=== WORK TO COMPLETE ===
The answer must consist of every line from the entries that holds the word "image".

=== MATERIAL SUPPLIED ===
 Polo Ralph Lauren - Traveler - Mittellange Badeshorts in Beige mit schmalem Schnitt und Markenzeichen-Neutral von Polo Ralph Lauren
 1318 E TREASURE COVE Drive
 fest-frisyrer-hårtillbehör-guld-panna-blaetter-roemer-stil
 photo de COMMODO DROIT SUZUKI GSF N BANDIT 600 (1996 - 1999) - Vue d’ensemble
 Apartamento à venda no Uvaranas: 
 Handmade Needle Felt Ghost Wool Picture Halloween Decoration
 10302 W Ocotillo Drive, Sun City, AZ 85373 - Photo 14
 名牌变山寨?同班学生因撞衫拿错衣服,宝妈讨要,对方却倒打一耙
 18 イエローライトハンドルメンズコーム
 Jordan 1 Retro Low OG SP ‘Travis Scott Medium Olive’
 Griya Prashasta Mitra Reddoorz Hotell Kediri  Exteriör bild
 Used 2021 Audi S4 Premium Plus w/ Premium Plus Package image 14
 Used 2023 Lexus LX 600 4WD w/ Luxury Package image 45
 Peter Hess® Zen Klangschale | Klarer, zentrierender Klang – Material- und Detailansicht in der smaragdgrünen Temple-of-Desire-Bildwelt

=== RESPONSE BOX ===
 Used 2021 Audi S4 Premium Plus w/ Premium Plus Package image 14
 Used 2023 Lexus LX 600 4WD w/ Luxury Package image 45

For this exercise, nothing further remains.